I’ll make a linear model with the name model_admission
model_admission <- lm(formula = chance_of_admit ~ gre_score + toefl_score +
university_rating + lor + cgpa + research, data = admission_train)
summary(model_admission)##
## Call:
## lm(formula = chance_of_admit ~ gre_score + toefl_score + university_rating +
## lor + cgpa + research, data = admission_train)
##
## Residuals:
## Min 1Q Median 3Q Max
## -0.243033 -0.024065 0.007685 0.032871 0.153770
##
## Coefficients:
## Estimate Std. Error t value Pr(>|t|)
## (Intercept) -1.4051368 0.1074149 -13.081 < 2e-16 ***
## gre_score 0.0023133 0.0005256 4.401 1.39e-05 ***
## toefl_score 0.0030671 0.0009075 3.380 0.000798 ***
## university_rating 0.0066859 0.0036723 1.821 0.069424 .
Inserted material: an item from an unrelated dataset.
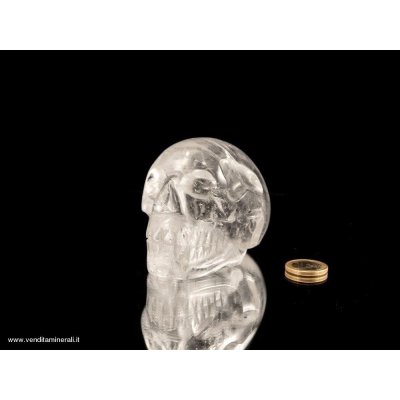 Teschio di cristallo - bellissima qualita'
## lor 0.0114540 0.0041109 2.786 0.005590 **
## cgpa 0.1161438 0.0100539 11.552 < 2e-16 ***
## researchTRUE 0.0200083 0.0069335 2.886 0.004120 **
## ---
## Signif. codes: 0 '***' 0.001 '**' 0.01 '*' 0.05 '.' 0.1 ' ' 1
##
## Residual standard error: 0.05647 on 393 degrees of freedom
## Multiple R-squared: 0.8336, Adjusted R-squared: 0.831
## F-statistic: 328 on 6 and 393 DF, p-value: < 2.2e-16
I think I’m pretty happy with the resulting R squared and t value. The university rating has a lower t value but I personally think that it’s an important variable, so I’ll keep it inside the linear model.
##
## Shapiro-Wilk normality test
##
## data: model_admission$residuals
## W = 0.93567, p-value = 3.987e-12
##
## studentized Breusch-Pagan test
##
## data: model_admission
## BP = 22.58, df = 6, p-value = 0.0009502
Based on our bp test, there seemed to be abit of a pattern here, but looking at the graph, I think it’s still acceptable.
## gre_score toefl_score university_rating lor
## 4.400360 3.698528 2.133388 1.727872
## cgpa research
## 4.483945 1.484216
It seemed that our predictor variable does not correlate strongly with each other.
Our training vs model data MSE and RMSE.
## [1] 0.003132578
## [1] 0.05596944
Using the model I’ve built, I will try to test it with the admission_test dataset that we’ve split before.
## [1] 0.005341
## [1] 0.07308215
The data on its own has shown -even at the early linearity test- a very strong linearity between its target variable and its predictor variables. Very little feature engineering needs to be done before getting a good linear regression model.
My linear regression model received Adjusted R squared value of 0.8003. This means that the variable predictor chosen for the model can explain 80% of the target variable, in this case, the percentage of chance of admission.
The model MSE and RMSE when used against our test data is 0.005341 and 0.07308215 respectively.
Considering that our range of data is between 0.34 and 0.97, I think my model have achieved a pretty good prediction result with average error value of 0.042.
Our predictor variables that significantly affects our linear model, with the significance range value from 0 to 0.001 are GRE Score, TOEFL Score and Undergraduate GPA. The predictor variables with significance range value from 0.001 to 0.01 are Letter of Recommendation, and Research Experience.
The variables that greatly impacts our chance of admission is CGPA with a coefficient of 0.116. This means if there’s an increase of one unit in CGPA, our chance of admission goes up by 0.116.